SYSTEM_THREAD(ENABLED);
SYSTEM_MODE(MANUAL);

void loop() {
....
    if (!connecting) {
        Particle.connect();
        connecting = true;
        }
    if (Particle.connected()) {
        Particle.publish(publish, data, PRIVATE);
        ...    
        }
    else if (millis() - stateTime >= 180000) {
        Cellular.off();
        delay(2000);
        trueReset();
        break;
        }
...

Revised code:

SYSTEM_THREAD(ENABLED);
SYSTEM_MODE(MANUAL);

void loop() {
....
    if (!connecting) {
        Particle.connect();
        connecting = true;
        }
     if (waitFor(Particle.connected, 180000)) {
        Particle.publish(publish, data, PRIVATE);
        ...    
        }
    else {
        Cellular.off();
        delay(2000);
        trueReset();
        break;
        }
...

The waitFor will timeout and move to else after 3 minutes

1 Like

So when Particle.connect() ends up blocking, it still wouldn’t time out after 3 minutes would it? Seems like both pieces of code effectively do the same thing. I’ve had devices block with my Original code (System Threading + Manual) so I’m guessing FW-side there isn’t much else to do here to reduce the issue?

I used to just have the Electron go back to sleep until the next publish event when the connection timed out.

I was sending data every 5 mins so the wake up would not take to long.

1 Like

I’m probably missing something here, but I would think your “Revised” Code should work.
If a Publish was missed using the Revised Code, maybe it was just that the Electron couldn’t connect to the cellular network during the 3 minutes (poor signal, etc) ?

I would guess you would rather go to sleep in that case verses Reset.
It was suggested to me in another Thread to skip the “else” and go to sleep after the waitFor, since it either Published or Not (didn’t really matter). Again, I’m not sure if this helps in your Project.

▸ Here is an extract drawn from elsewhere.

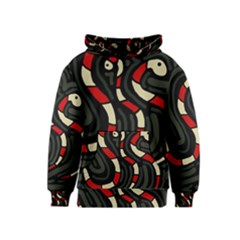 Red Snakes Kids  Pullover Hoodie by Valentinaart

When the connection attempt fails, I reset the device up to 3 times, before I put it back into Sleep mode. I did this, because my devices don’t publish much but when they do it’s pretty important they do so successfully.

Anyway, publishes being missed isn’t the real issue here to me, as that’s simply related to overall product constraints. The real problem I have is that after I call particle.connect() in my Original Code, the device occasionally blinks green endlessly for hours, sometimes until the battery goes dead alltogether. Usually the 3-minute timer described in my code kicks in correctly and prevents this, but not always.

As far as I understand, since particle.connect() is blocking, timers aren’t failproof and there isn’t a good way (?) to mitigate the issue FW side. Hence why I’m already adding in the HW Watchdog in my next version.

Note: trueReset() in my code puts the device into Deep Sleep for 30 seconds before waking it up. Any connection failures are therefore always followed by Deep Sleep.

Check the battery and voltage converter voltages during this constant flashing green connection issue because I saw that happen when the battery voltage was low and not when it was higher.

Plus it’s a cold time of year so colder temps usually cause battery voltages to drop vs warmer temps. Cellular RSSI will help determine if your the device has weak cellular signal as weather can affect signal strength also.